Working data ::

┌────────

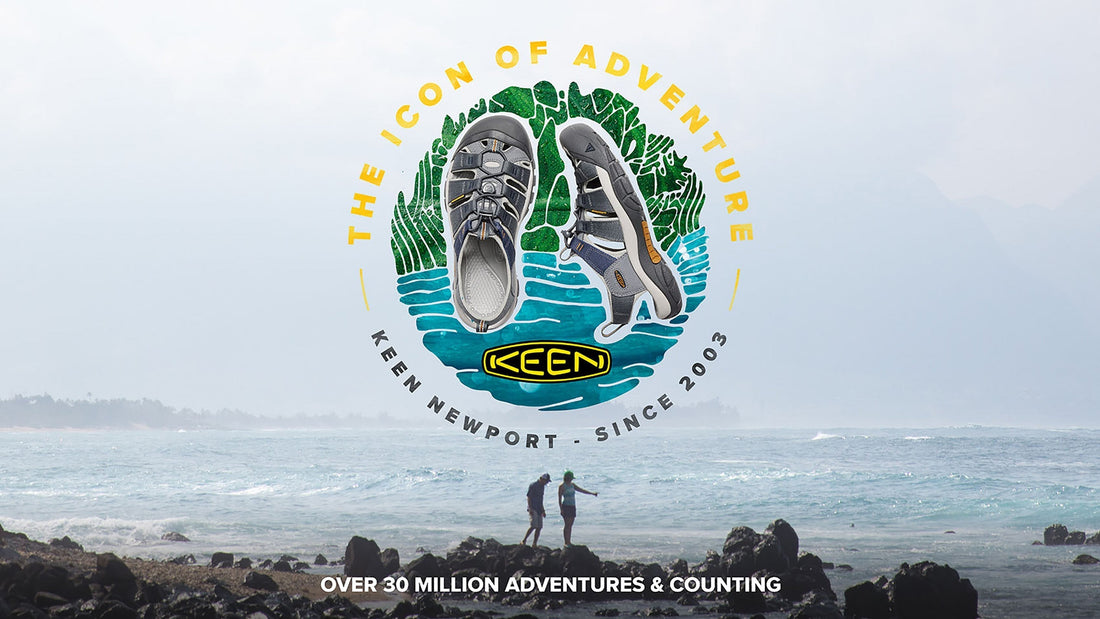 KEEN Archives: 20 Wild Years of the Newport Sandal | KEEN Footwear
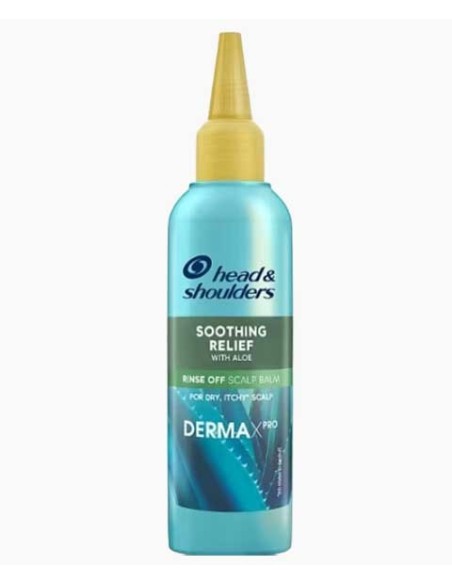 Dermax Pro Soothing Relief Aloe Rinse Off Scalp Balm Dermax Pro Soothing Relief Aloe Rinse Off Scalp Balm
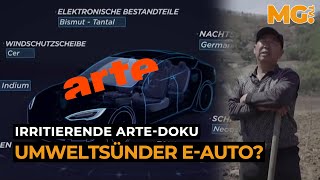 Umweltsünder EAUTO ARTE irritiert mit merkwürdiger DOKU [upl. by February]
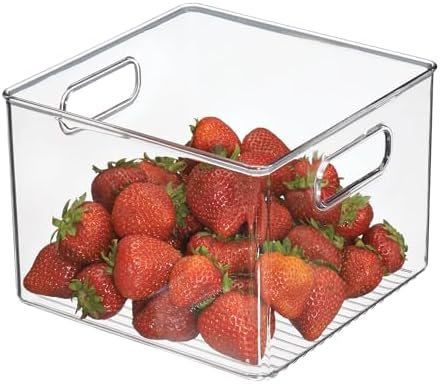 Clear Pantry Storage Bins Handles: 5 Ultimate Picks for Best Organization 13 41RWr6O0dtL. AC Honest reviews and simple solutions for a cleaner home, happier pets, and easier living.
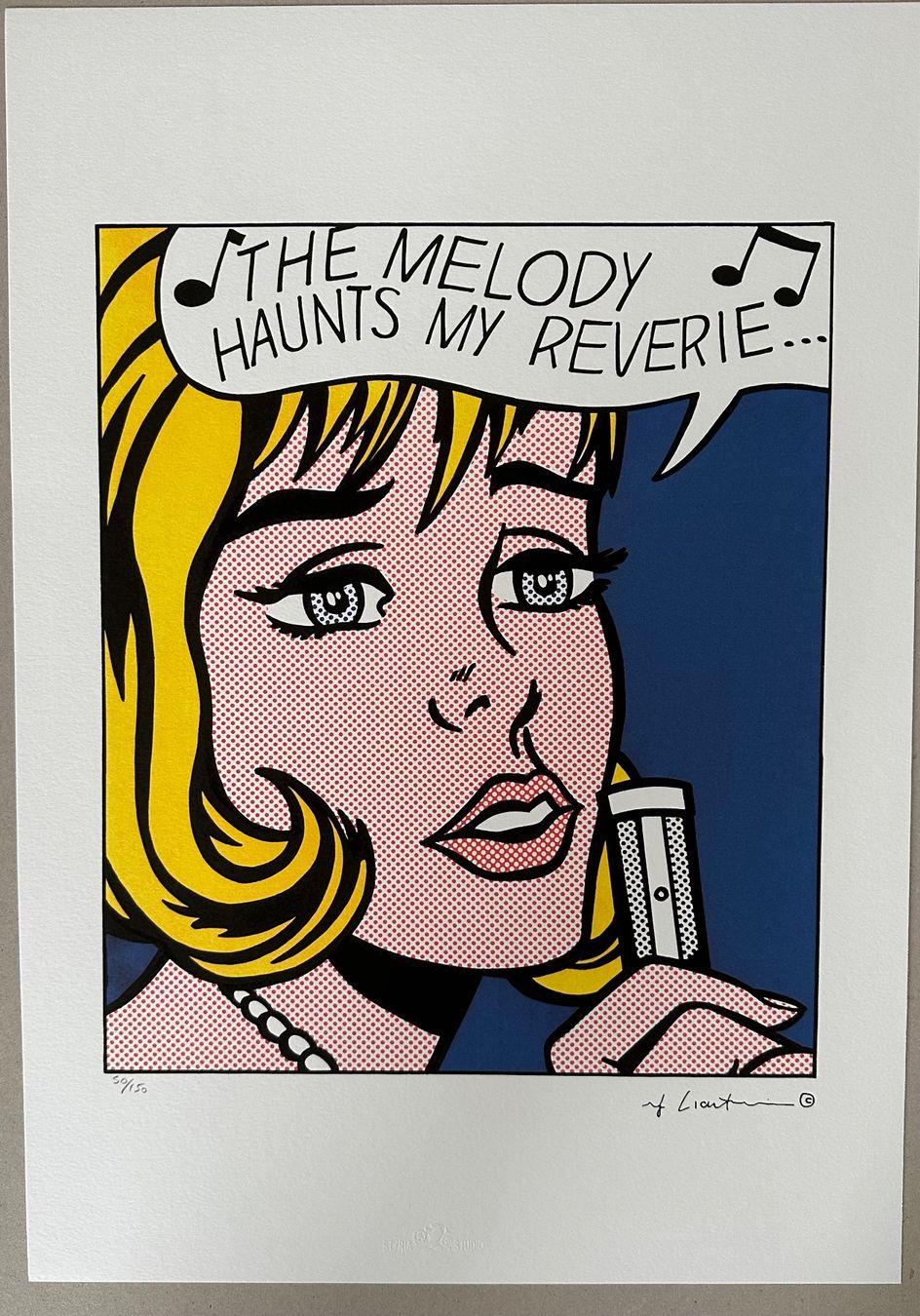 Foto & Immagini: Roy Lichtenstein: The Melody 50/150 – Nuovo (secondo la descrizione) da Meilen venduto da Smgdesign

└────────
┌────────

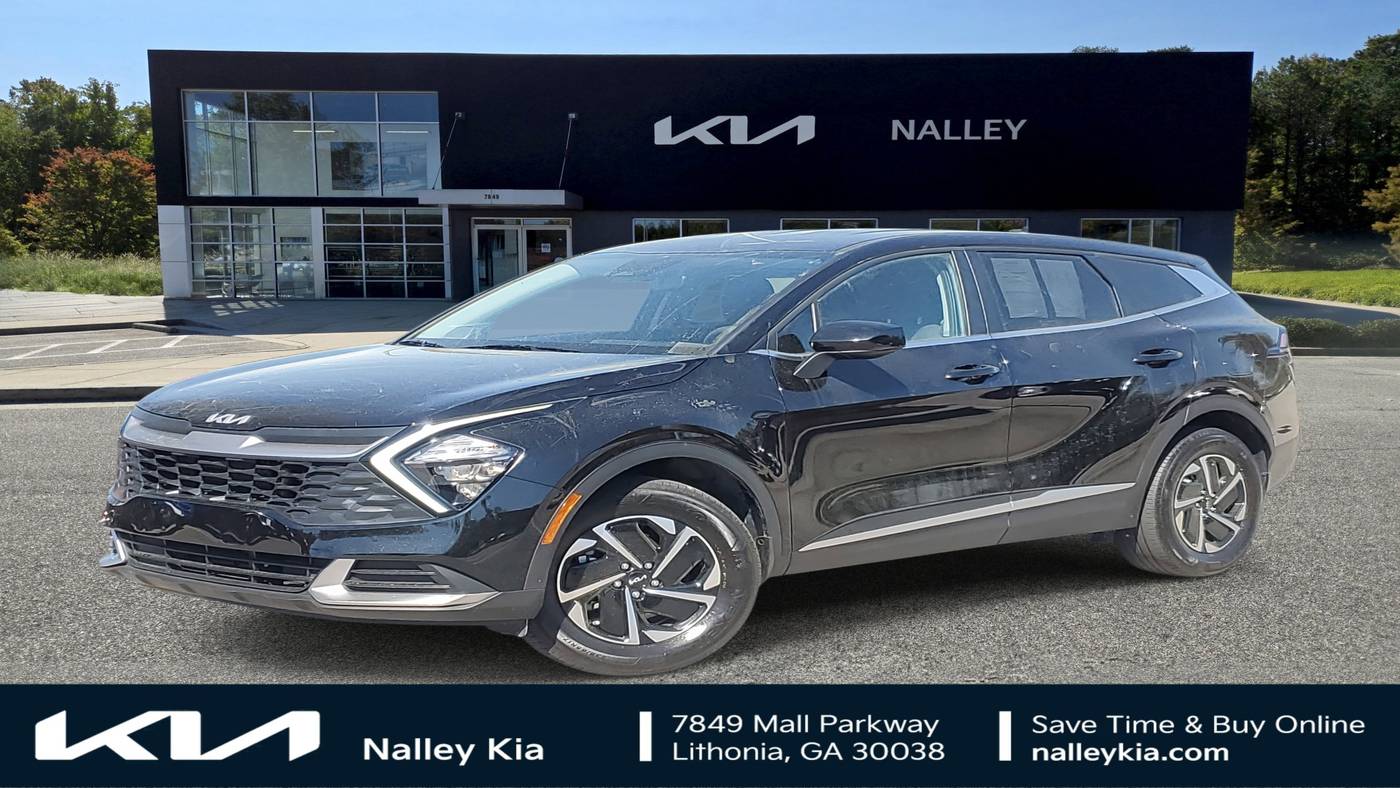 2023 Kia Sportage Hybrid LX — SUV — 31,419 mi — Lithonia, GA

└────────
┌────────

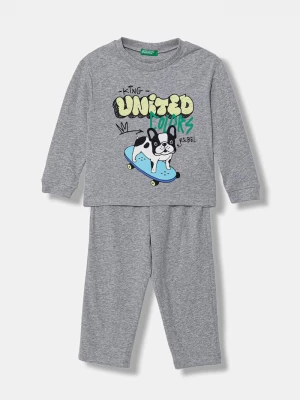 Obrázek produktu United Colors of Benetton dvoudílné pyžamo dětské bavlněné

└────────

Your task :: Range to print from the listing above: from the line with "Clear Pantry Storage" up to and including the line with "Foto & Immagini: Roy". Please print those lines exactly, with no pictures and nothing more.

Result below ::
 Clear Pantry Storage Bins Handles: 5 Ultimate Picks for Best Organization 13 41RWr6O0dtL. AC Honest reviews and simple solutions for a cleaner home, happier pets, and easier living.
 Foto & Immagini: Roy Lichtenstein: The Melody 50/150 – Nuovo (secondo la descrizione) da Meilen venduto da Smgdesign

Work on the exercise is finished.